Bitch (2017) [Fantasia International Film Festival 2017]

A stay-at-home mom is overworked, under-cared-for, and finally snaps.  As she turns into a dog version, or a literal bitch, her clueless husband wants to save face more than anything else.

Written and directed by Marianna Palka, Bitch is one of those movies that is rare and hard to create, one where the story, direction, and acting all come into place to create something special.  Here she creates an odd tale that will resonate with housewives everywhere as well as with working spouses who seem to do it all while their significant other does very little at home or to support them outside of paying for everything.  The film and its characters explore family ties and dynamics and what happens to them when one key member cannot function anymore.  The characters built here are fantastic and realistic in their crazy situation.  Love and care are central themes as well as self-discovery and the importance of caring.  Palka creates a relatable story from a completely crazy premise.  Her characters feel familiar and connect easily with the audience.

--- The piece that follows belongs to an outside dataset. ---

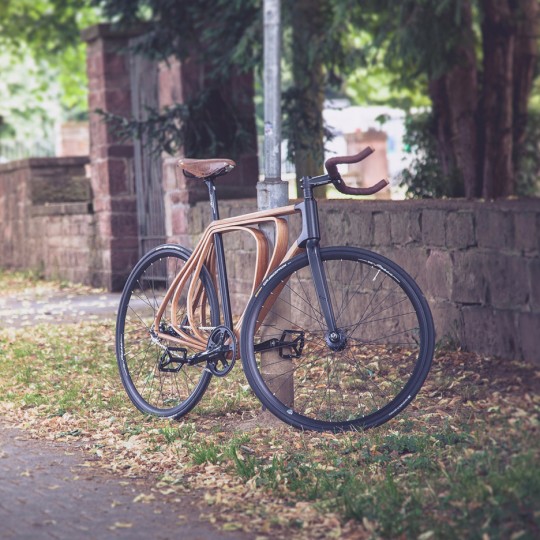 Wooden-bicycle_Niko-Schmutz_dezeen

The cast here does a fantastic job with the situation they are put in.  Marianna Palka herself plays the titular Bitch, the over-stressed mom of four who loses her mind.  Her transformation into a vicious, scared dog is fascinating to watch as she gives it her all.  How she manages to show emotions and communicate in this state is amazing.  She just gives one of those performances that will mark viewers.  Playing her husband is Jason Ritter who plays him as kind of a caring asshole who is a tough nut to crack but has many layers to his character.  He does this with talent and conviction.  Playing the lead’s sister, Jaime King adds a lot of care and tenderness to her character that creates a sort of balance to the other adults portrayed.  The kids are played fantastically well by young actors Brighton Sharbino, Rio Mangini, Jason Maybaum, and Kingston Foster, each having to deal with some very challenging roles and emotions in terms of relating to children who’s mom has turned into a dog.  They do this with talent and that sweetness and innocence kids can have in even the hardest of situation sometimes.  All of these performances show a care from the entire cast and from the writer/director in terms of wanting to make this crazy story into something that is touching and emotional.

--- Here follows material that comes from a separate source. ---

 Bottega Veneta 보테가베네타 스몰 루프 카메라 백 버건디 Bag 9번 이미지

The film’s cinematography by Armando Salas creates a very direct approach and head-on look for the story and its characters.  The camera never flinches or avoids the main emotions by keeping them out of frame.  It’s on the characters, watching their emotions, letting them transfer these to the viewer who will inevitably connect at one point or another with the one of the leads, may it be through their family connections, their relationships, or the strain in their mental and emotional capacities.

Bitch is one of those movies that have a crazy premise for a story that needs it to break some barriers and show emotions dead-on.  It’s a movie filled with emotions and feelings, but not one of those lovey-dovey or TV-style movies.  It’s raw and emotional; it shows the truth of being an over-worked person with too much stress, too little support, and no real outlet.  The way the story is built and acted is fantastic and connects with the audience in way that slowly builds throughout the film.

Fantasia International Film Festival runs from July 13th to August 2nd.